All foreign vessels operating in the Great Lakes must employ a registered Canadian or American maritime pilot to aid in navigation. Canadian pilots are government employees; U.S. pilots operate independent businesses in three districts covering the Great Lakes. Each year, the Coast Guard sets U.S. pilotage rates to cover salaries and benefits, training, equipment and business operations.

The Coast Guard has reported the Great Lakes system lost 22 percent of its U.S. pilots between 2007 and 2014, contributing to delays during peak periods and making it difficult for the pilots to receive the monthly rest periods recommended by the National Transportation Safety Board.

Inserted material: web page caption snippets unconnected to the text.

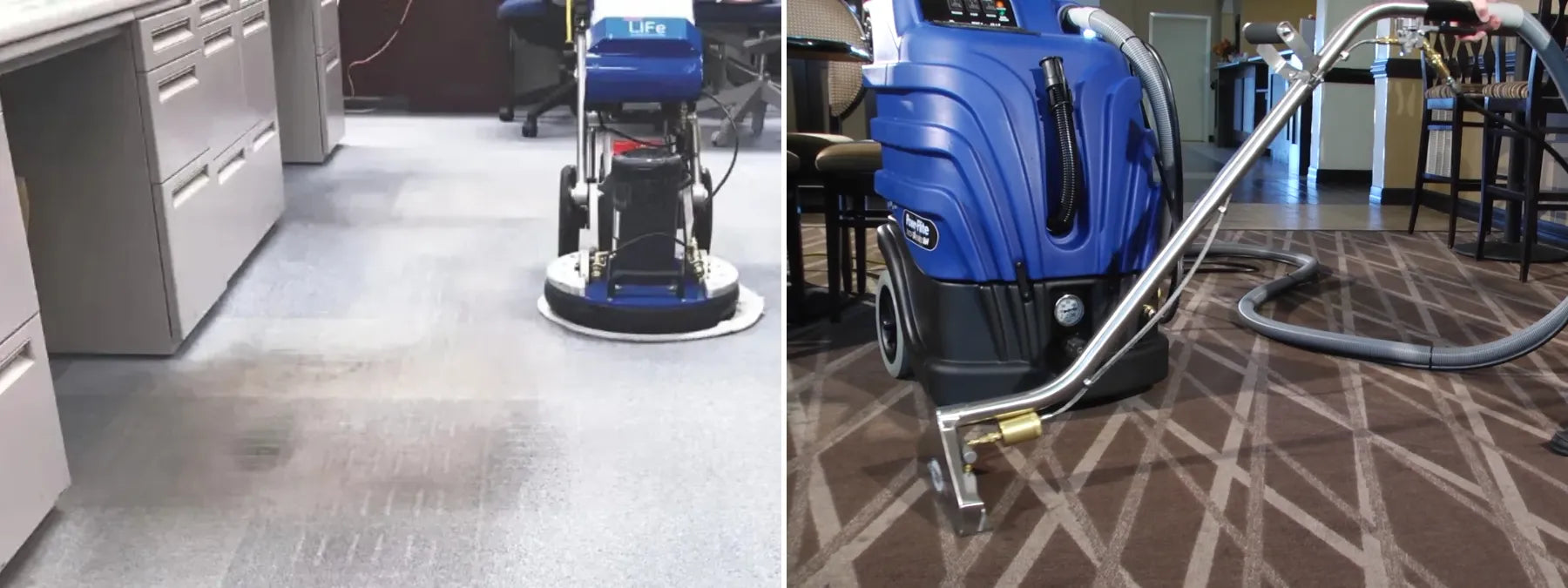 Orbot LiFE orbital floor machine cleaning office carpet tile next to a Powr-Flite heated box extractor with a stainless wand on patterned commercial carpet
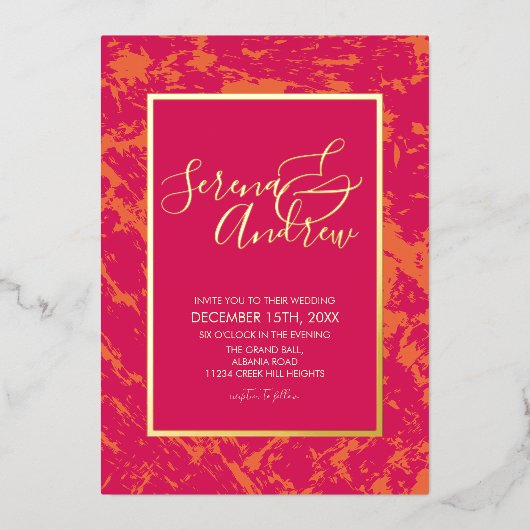 Abstracte Artsy Hot Roze Sinaasappel Modern Goud Folie Uitnodiging (Voorkant)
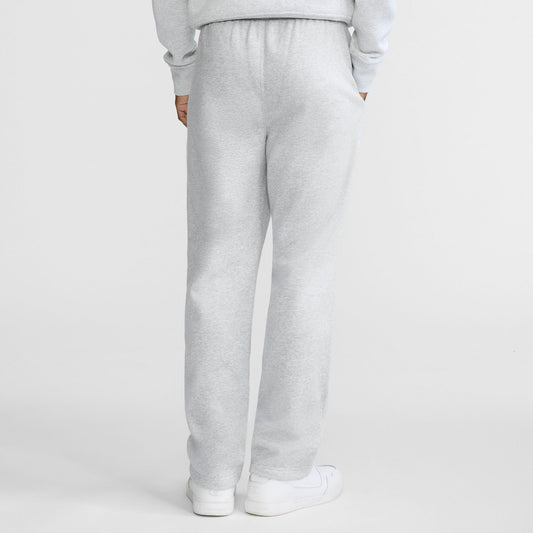 Champion Powerblend Sweatpants, Open Hem, C Logo in Platinum Silver Heather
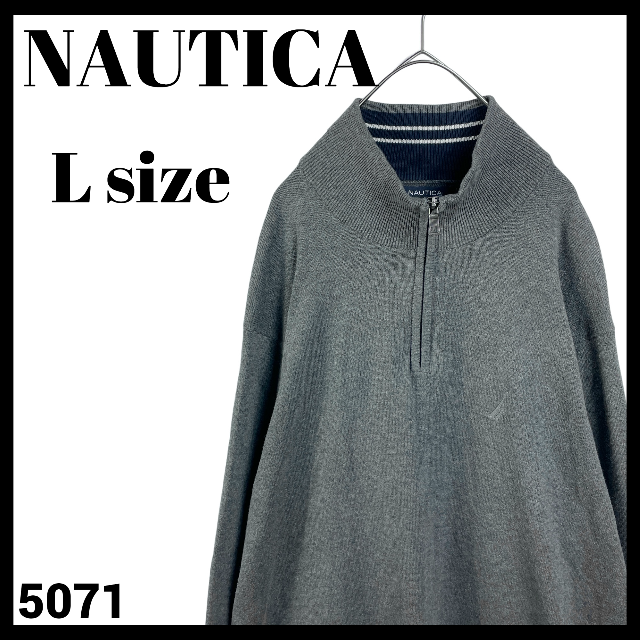 ノーティカ NAUTICA ハーフジップ ニット セーター グレー US/L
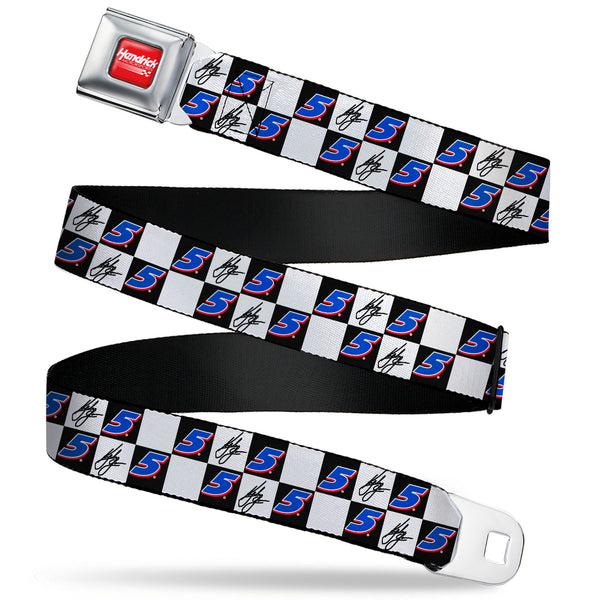buckle down HENDRICK MOTORSPORTS Checker Logo Full Color Red/White Seatbelt Belt - Kyle Larson Autograph and #5 Checker Logo Black/White/Blue/Red Webbing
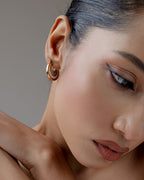 Midnight Arc Enamel Hoop Earrings (18K Gold Plated)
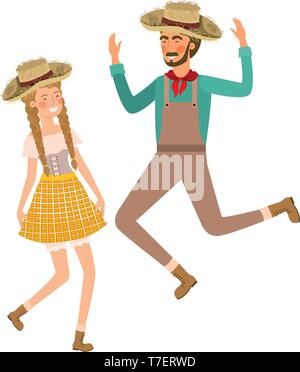 Gli agricoltori coppia danzante con cappello di paglia Illustrazione Vettoriale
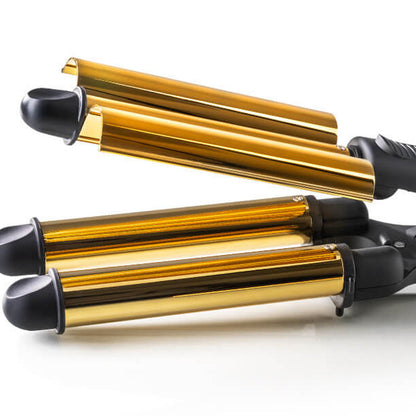 Triple Barrel Curling Iron HAEGER Golden Curls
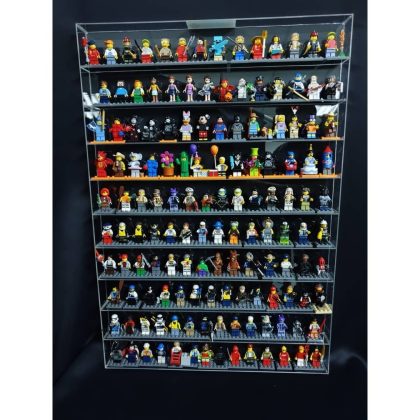 🔥 READY STOCK 🔥HOLD UP TO 140Pcs (10 ROW), LEGO MINIFIGURE DISPLAY CASE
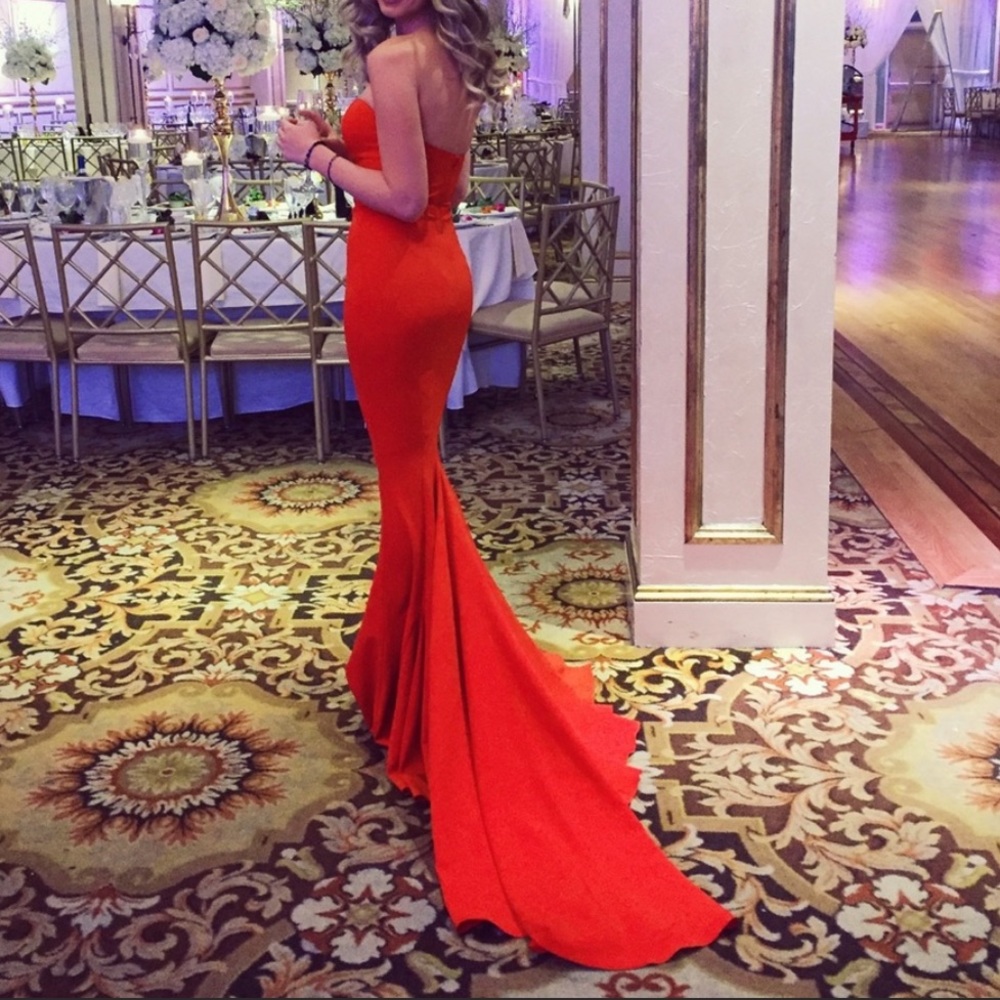 Red Strapless Mermaid Gown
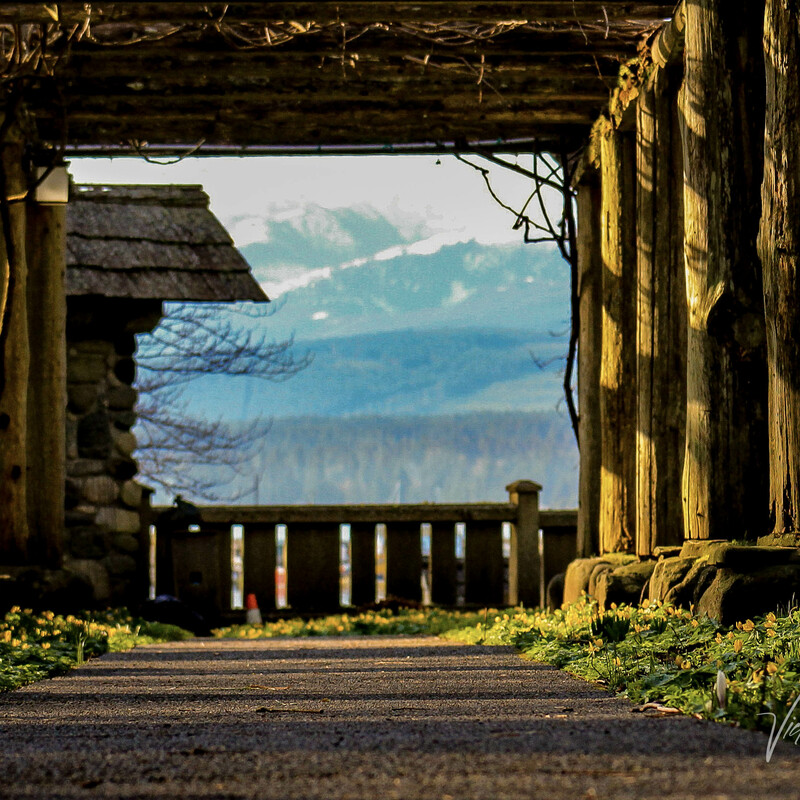 a beautiful wooden archway sidelit by the sun with the island mountains seen through the arch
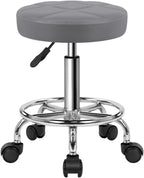 KKTONER Round Rolling Stool Chair PU Leather Height Adjustable Swivel Drafting Work SPA Shop Salon Stools with Wheels Office Chair Small (Gray)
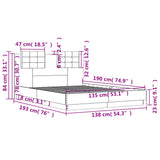 NNEVL Bed Frame without Mattress White 135x190 cm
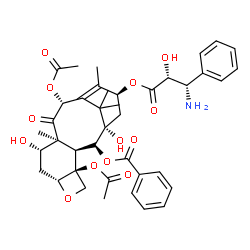 ChemSpider 2D Image | (3beta,5beta,7beta,10beta,13alpha)-4,10-Diacetoxy-13-{[(2R,3S)-3-amino-2-hydroxy-3-phenylpropanoyl]oxy}-1,7-dihydroxy-9-oxo-5,20-epoxytax-11-en-2-yl benzoate | C40H47NO13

Since the 2015 season, the Coast Guard has authorized double-digit annual increases in revenue for the pilot associations. Additional increases likely will be included in the proposed rates for the 2018 season, which begins in March. Overall, the cost of American pilotage is $21 million per season, according to Haynes.

The industry coalition sued the Coast Guard in May 2016, saying the rate-setting methodology and fees for the year were “arbitrary and capricious.” Contreras agreed with the Coast Guard’s analysis that greater staffing was needed for safe pilotage on the Great Lakes, and that the pilot associations faced “chronic pilot attraction and retention difficulties” due in part to compensation lower than the industry average.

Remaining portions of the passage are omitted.